## Exercise:
Only the pictures are to be left out; return the rest of the data exactly as it stands.

## Recorded data:
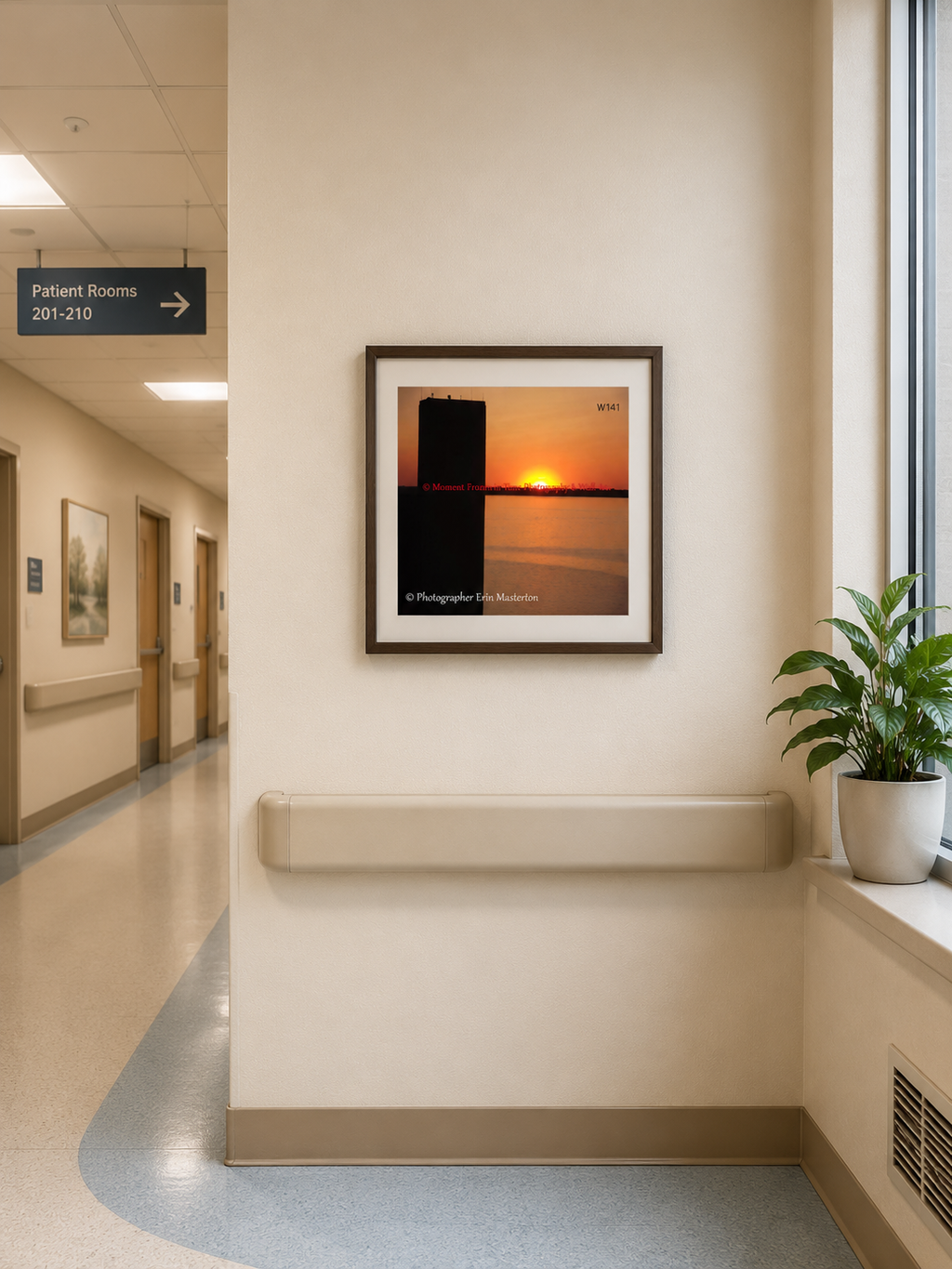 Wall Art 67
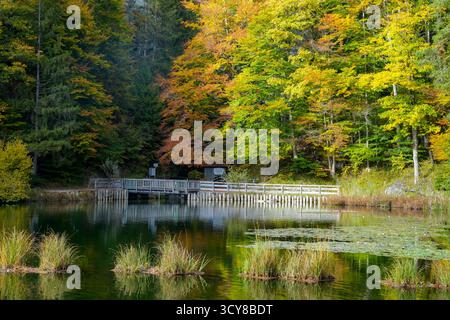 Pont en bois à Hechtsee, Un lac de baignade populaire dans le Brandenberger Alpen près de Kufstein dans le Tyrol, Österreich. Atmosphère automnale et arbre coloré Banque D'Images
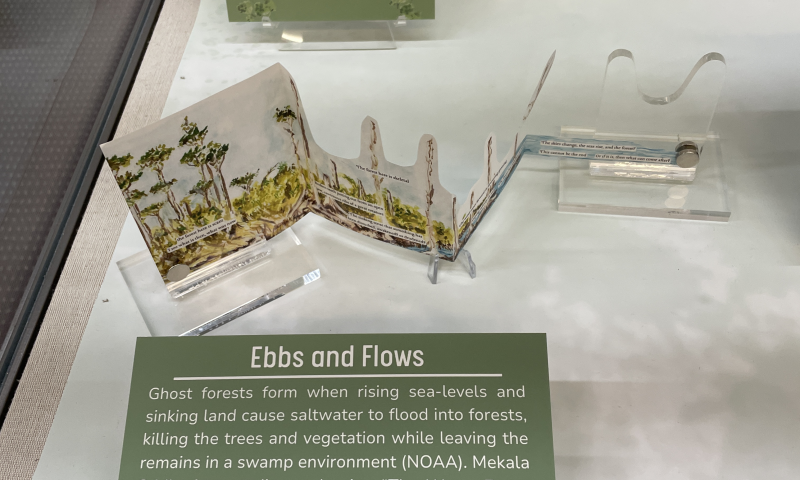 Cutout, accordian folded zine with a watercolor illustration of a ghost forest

## The completed task:
 Wall Art 67
 Pont en bois à Hechtsee, Un lac de baignade populaire dans le Brandenberger Alpen près de Kufstein dans le Tyrol, Österreich. Atmosphère automnale et arbre coloré Banque D'Images
 Cutout, accordian folded zine with a watercolor illustration of a ghost forest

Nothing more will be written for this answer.